Wednesday, September 28, 2005
Just a small town girl
:Grew up in a small town And when the rain would fall down I just stared out my window Dreaming of a could-be And if I'd end up happy:
Last Friday night a classmate and I got into a discussion. He is from Michigan as well and is familiar with where I grew up. He made a comment about my shoes and how they "didn't look like Northern Michigan shoes" (and there aren't--very cute heels!). I replied that there is a lot about me that isn't "Nothern Michigan." Kidding ensued but soon the conversation took a serious turn. He (somewhat jokingly) accused me of "trying to deny where I was from." I was, of course, offended! I have Michigan pride! He teased me about being more of a private school girl. He gave me a quiz regarding some of the snobby defnitions of our discipline. I passed and he commented that I am a rarity for my geographic location. I agreed and we moved on.
The conversation stayed with me, however. Throughout the conversation it seemed I had to do two things simultaneously (a) prove that I had Northern Michigan pride and (b) that I was somehow above it as well. It is a struggle thatI have had througout my country-living life. While I appreciated where I grew up, I was constantly trying to set myself apart. I defined myself by what I wasn't. I wasn't the type of girl that was going to get married right out of high school, have a lot of kids, and not go to college. I valued education. I questioned religion. I voted democrat. By McBain's standards I was a regular ole' freak. I rarely go back home. I have very few friends from high school. So, was my classmate right? Do I try to forget where I am from? I think this used to be the case. But now--I think back on my childhood with really positive feelings. I learned a lot in McBain. I did learn a lot about what I didn't want for life--but I also learned a lot about hard work, dedication, loyalty. This is a town that farms for a living, where people are members of a church their whole lives and most marry their high school sweethearts. Sure--they didn't teach me about ontology or rhetorical criticism but they did make me into this person. Despite my weirdness, not a week goes by that people at church don't ask my mom about how I'm doing down in the south. Or make a comment about how great it is that a McBain girl is getting her schooling (they don't really know the PhD thing) at such a well-known school (sure they only know it b/c of football).
Of course, not a day goes by that I don't thank god for my parents. They instilled a sense of independence, strength and openmindedness in me. I could have grown up in the big city and not had parents like mine--I would have been just as freakish...only in a really bad way. Yeah, I may have never been or ever will be a "small town" girl but I'm glad I grew up in one.


5 Comments:

Anonymous Anonymous said...

I know the feeling. It makes it difficult to fit into either the rural or urban setting, at least for me.

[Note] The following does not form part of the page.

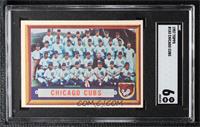 Chicago Cubs Team [SGC 6 EX/NM]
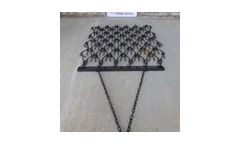 KTM - Model 5 FT - 3 Way Use Regular Trailed Chain Harrow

I"m to 'academic' for back home, but too hick for the 'intellectuals'. Oh well, at least I can read Foucalt and change my oil.

-The RC

Anonymous Anonymous said...

RC~ I would not use both "I read foucalt" and "I change my oil" at the same time b/c if a girl is going to appreciate the latter she won't know what focault is or that it is a person and the so called "intellects" who would understand the former would think you are crazy for changing your own oil!
---Ramblr

Anonymous Anonymous said...

"I might never be a small town gril but I am glad I grew up in one" is this code for I have the best sisters in the world...I mean is it just me but that is how I took it :) I also hate to break it to you, you might be glad you grew up in a small town but I would not go as far to say you were glad you grew up in McBain...maybe you are thankful for your friends you still have here and SOME experiences you had but to go as far as to say you are GLAD you grew up here....if that is the case then please...come back and visit more and remind yourself why you left! But please come lots this year for me to remind you why you left...I can be sure to take your socks ;)

Anonymous Anonymous said...

Dang - no wonder my 'Truth/power in relation horsepower' pick-up lines never work...
-The RC

Anonymous Anonymous said...

correction - 'in relation to'

so much for me batting 1.000 with blog comment syntax.